Dr Sayan Sen is an internationally recognised consultant interventional cardiologist based in London. He is a Founding Partner at One Heart Clinic, and performs procedures at the Cromwell Hospital and Cleveland Clinic London.
His clinical expertise spans the full breadth of interventional and general cardiology. He routinely performs complex coronary angioplasty and stenting, TAVI (transcatheter aortic valve implantation), pacemaker insertion, implantable loop recorder implantation, and renal denervation for resistant hypertension. He is recognised as one of the UK’s foremost TAVI and angioplasty specialists and is invited to perform procedures as a live case operator at international cardiology conferences — demonstrating techniques to cardiologists from around the world.
Academic Excellence and Teaching
Dr Sen studied medicine at University College London, graduating with Distinction and a first-class Honours BSc in Medical Sciences and Neuroscience. He was awarded the prestigious MRC Research Fellowship in 2009 to study coronary haemodynamics at Imperial College London, where he completed his PhD.
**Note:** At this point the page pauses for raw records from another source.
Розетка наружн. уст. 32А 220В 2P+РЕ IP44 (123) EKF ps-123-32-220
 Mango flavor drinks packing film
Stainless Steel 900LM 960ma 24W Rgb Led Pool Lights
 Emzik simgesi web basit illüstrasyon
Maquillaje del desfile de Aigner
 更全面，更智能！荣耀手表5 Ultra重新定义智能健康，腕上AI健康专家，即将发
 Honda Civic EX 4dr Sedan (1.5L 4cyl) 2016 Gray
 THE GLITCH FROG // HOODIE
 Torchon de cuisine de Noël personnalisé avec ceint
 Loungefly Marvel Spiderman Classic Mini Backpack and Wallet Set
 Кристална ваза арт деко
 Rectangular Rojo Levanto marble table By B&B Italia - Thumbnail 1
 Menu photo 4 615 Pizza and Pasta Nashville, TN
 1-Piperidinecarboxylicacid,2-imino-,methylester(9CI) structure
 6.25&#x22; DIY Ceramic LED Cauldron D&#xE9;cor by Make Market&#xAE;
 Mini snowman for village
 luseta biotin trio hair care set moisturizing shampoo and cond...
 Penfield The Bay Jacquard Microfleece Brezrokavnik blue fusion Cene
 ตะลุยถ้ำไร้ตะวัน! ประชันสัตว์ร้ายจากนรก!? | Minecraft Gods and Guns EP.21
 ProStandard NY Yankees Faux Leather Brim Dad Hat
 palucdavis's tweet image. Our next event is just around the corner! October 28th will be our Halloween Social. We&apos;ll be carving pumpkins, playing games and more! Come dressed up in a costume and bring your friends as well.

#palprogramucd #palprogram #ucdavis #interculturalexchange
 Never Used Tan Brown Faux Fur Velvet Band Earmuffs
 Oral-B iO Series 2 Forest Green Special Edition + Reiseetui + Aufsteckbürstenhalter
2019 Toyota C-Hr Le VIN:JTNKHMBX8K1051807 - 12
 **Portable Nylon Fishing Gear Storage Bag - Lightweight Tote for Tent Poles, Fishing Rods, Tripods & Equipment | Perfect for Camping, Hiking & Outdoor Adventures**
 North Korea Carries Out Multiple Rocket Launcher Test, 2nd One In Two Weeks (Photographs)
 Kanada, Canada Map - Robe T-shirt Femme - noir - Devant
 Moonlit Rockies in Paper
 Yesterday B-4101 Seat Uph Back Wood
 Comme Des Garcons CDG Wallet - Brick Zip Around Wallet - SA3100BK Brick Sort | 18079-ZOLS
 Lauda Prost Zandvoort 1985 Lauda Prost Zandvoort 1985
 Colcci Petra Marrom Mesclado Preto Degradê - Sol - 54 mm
His academic awards include the Royal Society of Medicine Investigator of the Year Award — All Sections (2013), the Royal Society of Medicine President’s Gold Medal in Cardiology (2013), and the Imperial College Armstrong Medal and Prize (2012). He has also received Young Investigator Awards at leading international meetings in Amsterdam and at the British Cardiac Intervention Society.
Development of iFR
Dr Sen is perhaps best known as the co-developer of iFR — the instantaneous wave-free ratio. During his PhD at Imperial College London, he identified that there exists a naturally occurring period within each heartbeat during which coronary blood flow can be measured accurately without the need for any vasodilatory medication. This insight led to the development of iFR: a simpler, more comfortable, and equally accurate alternative to the previously established technique of FFR (fractional flow reserve).
iFR has since been validated in two landmark randomised controlled trials — DEFINE-FLAIR and iFR-SWEDEHEART — both published simultaneously in the New England Journal of Medicine in 2017. The technique was subsequently incorporated into American and European cardiology guidelines and is now used in over 6,000 hospitals worldwide to guide coronary stent decisions. It is one of the most significant innovations in interventional cardiology of the past two decades.